Task objective: What comes back must be the data itself, retyped exactly.

Exercise data:
════

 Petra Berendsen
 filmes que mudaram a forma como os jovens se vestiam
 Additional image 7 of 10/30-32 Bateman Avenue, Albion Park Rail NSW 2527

════

Solution to the exercise:
 Petra Berendsen
 filmes que mudaram a forma como os jovens se vestiam
 Additional image 7 of 10/30-32 Bateman Avenue, Albion Park Rail NSW 2527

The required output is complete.